Task directions: Find the line with "Lacoste Cream V-Neck" in the entries below, then output every line from it down to the line with "Princess Dress Wonderland", exactly and with no pictures.

Given records:
++++++++
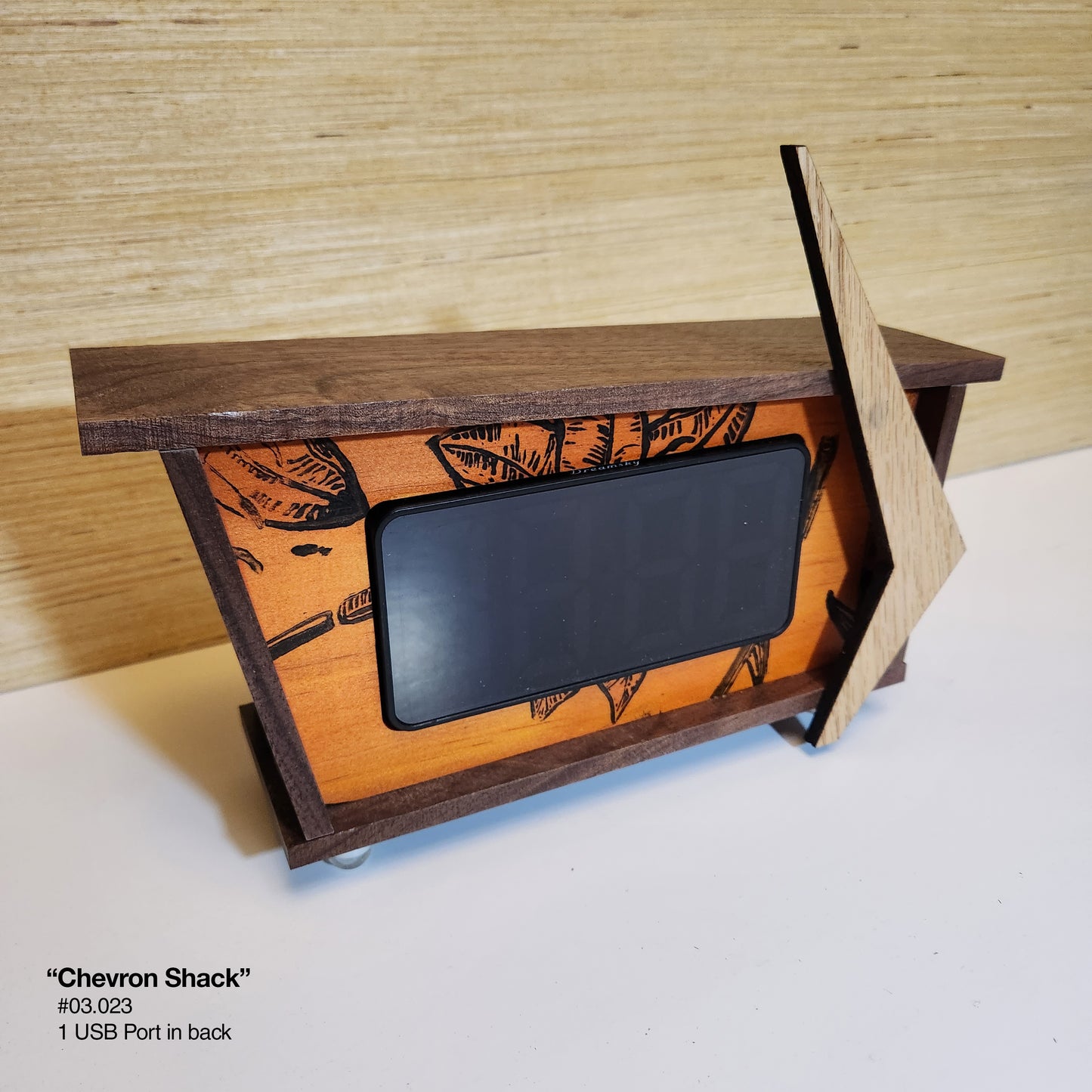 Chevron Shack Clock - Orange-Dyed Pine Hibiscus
++++++++
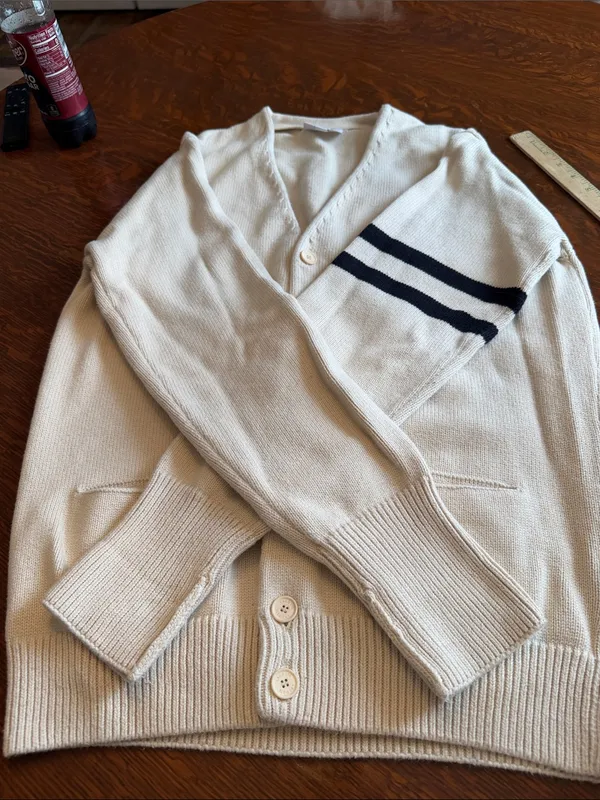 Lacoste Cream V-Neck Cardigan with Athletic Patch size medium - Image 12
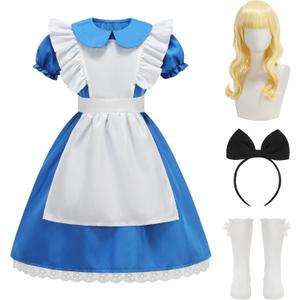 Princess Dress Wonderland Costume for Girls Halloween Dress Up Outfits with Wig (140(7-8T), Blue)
++++++++
Answer area:
 Lacoste Cream V-Neck Cardigan with Athletic Patch size medium - Image 12
 Princess Dress Wonderland Costume for Girls Halloween Dress Up Outfits with Wig (140(7-8T), Blue)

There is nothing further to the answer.